The referendum campaign in July reported amassing $50 million in an “initial contribution” from McDonald’s, In-N-Out, Chick-Fil-A and the International Franchise Association and National Restaurant Association.
The Service Employees International Union, sponsor of the law, and other labor groups said the fast food industry, which employs more than 500,000 Californians, is in particular need of regulation because of low wages, unpredictable scheduling and what they said were harsh working conditions in restaurants often controlled not by the corporations but by numerous independent franchise operators.
“For the last decade, fast-food cooks, cashiers and baristas in California have been sounding the alarm on the poverty pay and unsafe working conditions plaguing our industry,” Ingrid Vilorio, a leader in union efforts to organize fast food workers, said in a statement. “We have always known that to solve these problems, we need a seat at the table with our employers and the power to help shape better rules across our industry.”
Businesses have painted the law as an overreach, countering that restaurants have already raised wages during a period of record inflation, and said additional regulations would force fast food stores to close or hike prices. Last December, the average hourly wage of California fast food workers was about $19.
In response to the referendum, SEIU and a furious Assemblymember Chris Holden, the Pasadena Democrat who authored the fast food council law, this year introduced AB 1228, the bill to establish joint labor law liability for corporations. That provision was stripped out of the law in 2022 to gain more support for its passage.
Also, this year’s state budget included a $3 million line item to resurrect the Industrial Welfare Commission, a state board dormant since 2004 that could also write new, industry-specific regulations. Over the weekend, lawmakers in another budget bill proposed calling off that commission’s revival.
The deal, which has days to be approved before the legislative session ends Thursday, would require the fast food council convene and meet for the first time by March 15, 2024 — earlier than it would have if it had to await voter approval next November.
“Together, with both supporters and opposition, we are establishing a new standard that inspires a safe and prosperous environment within the fast food industry,” Holden said in a statement.

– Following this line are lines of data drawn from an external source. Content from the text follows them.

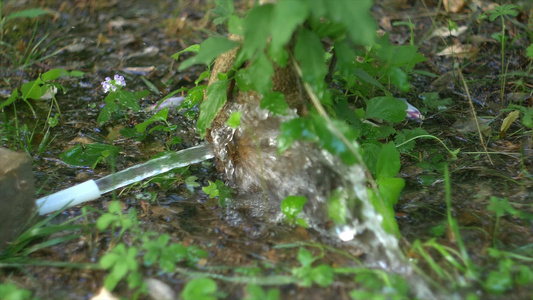 缓慢运动的水龙头从水管中灌水水流模式包括波浪和喷洒视频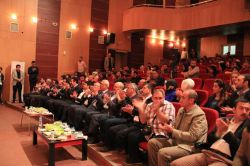 “Sevgi Her Engeli Aşar”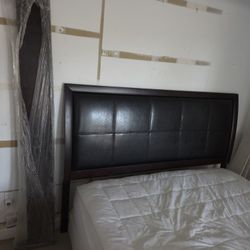 Bed Frame (Headboard + Footboard)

“It provides meaningful wage increases for workers, while at the same time eliminates more significant – and potentially existential – threats, costs, and regulatory burdens targeting local restaurants in California,” International Franchise Association president and CEO Matt Haller said in a statement.

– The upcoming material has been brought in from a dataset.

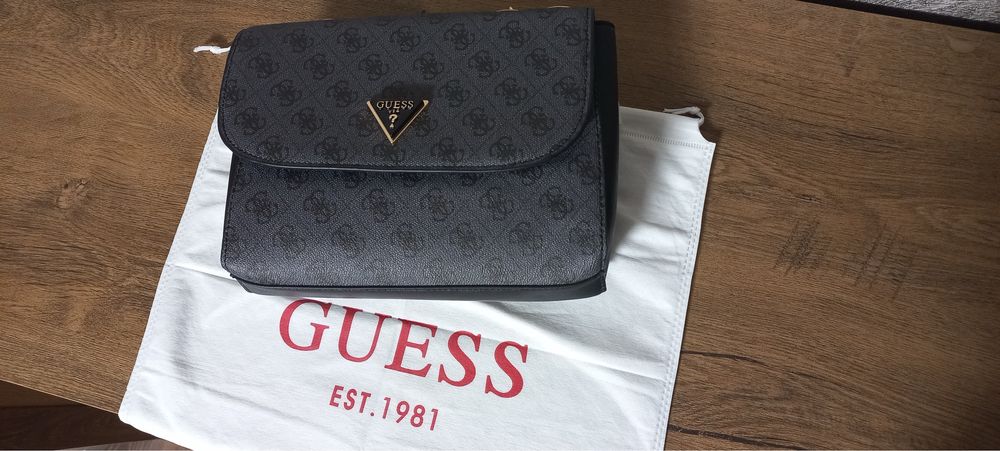 Сумка guess женская гес через плечо большая с бирками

The agreement also tweaks the council’s 10-member makeup to nine by making the two state government representatives non-voting members and adding a “member of the public.” The council would still include two fast food workers, two labor representatives, two fast food industry representatives and two fast food franchise owners.
The newly proposed council also would write rules that apply to more restaurants — those that belong to a chain with at least 60 locations nationally, compared with 100 locations as outlined in the 2022 law. The deal also removes a provision by which cities and counties could convene their own fast food councils, which businesses had said could create a burdensome number of additional regulations.

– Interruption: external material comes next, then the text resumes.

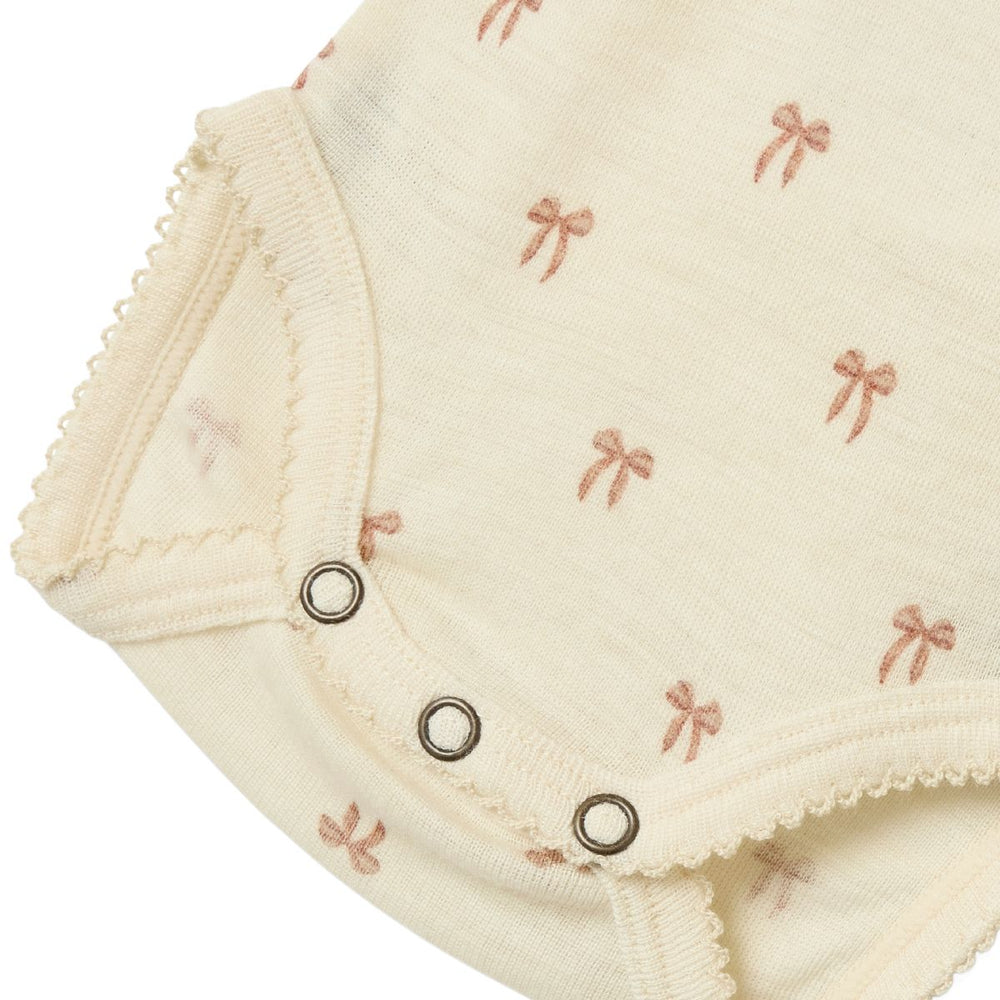 Comfortabel en stijlvol: het Lil' Atelier baby nalu girl slim rompertje in turtledove melange. Gemaakt van merinowol en TENCEL™ Modal. Ideaal voor herfst/winter. Houd je baby lekker warm. VanZus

As previously enacted, the council would operate for five years unless lawmakers extend it. And it has the same restrictions as the version passed last year — limited to rulemaking on wages and workplace safety, though the council would have to petition the California Division of Occupational Safety and Health to enact some of those rules. It would not be able to write rules that create new time-off benefits or dictate how restaurants schedule workers’ hours.
The fast food industry and unions were in a crunch to reach an agreement by tonight, the absolute last chance for bills to be amended this session because of a requirement they be in print for 72 hours before a final vote. The Legislature now must waive other deadline rules to bring the measure to the floor for consideration.
The deal is only possible because of a brand-new law signed on Friday by Newsom. AB 421 by Assemblymember Isaac Bryan, a Culver City Democrat, creates a process for proponents of a referendum to withdraw their measure from the ballot until 131 days before the election. Such a process already existed for other statewide initiatives, but not for efforts to overturn a law passed through the legislative process.
The Legislature rushed the bill through a final series of votes last Tuesday and sent it to the governor’s desk with an urgency clause allowing it to take effect immediately. That means, for the November 2024 election, referendums can be pulled off the ballot until June 27 — potentially opening the door for another deal next session with the oil industry over a referendum they qualified challenging a 3,200-foot drilling setback around homes, schools and health care facilities.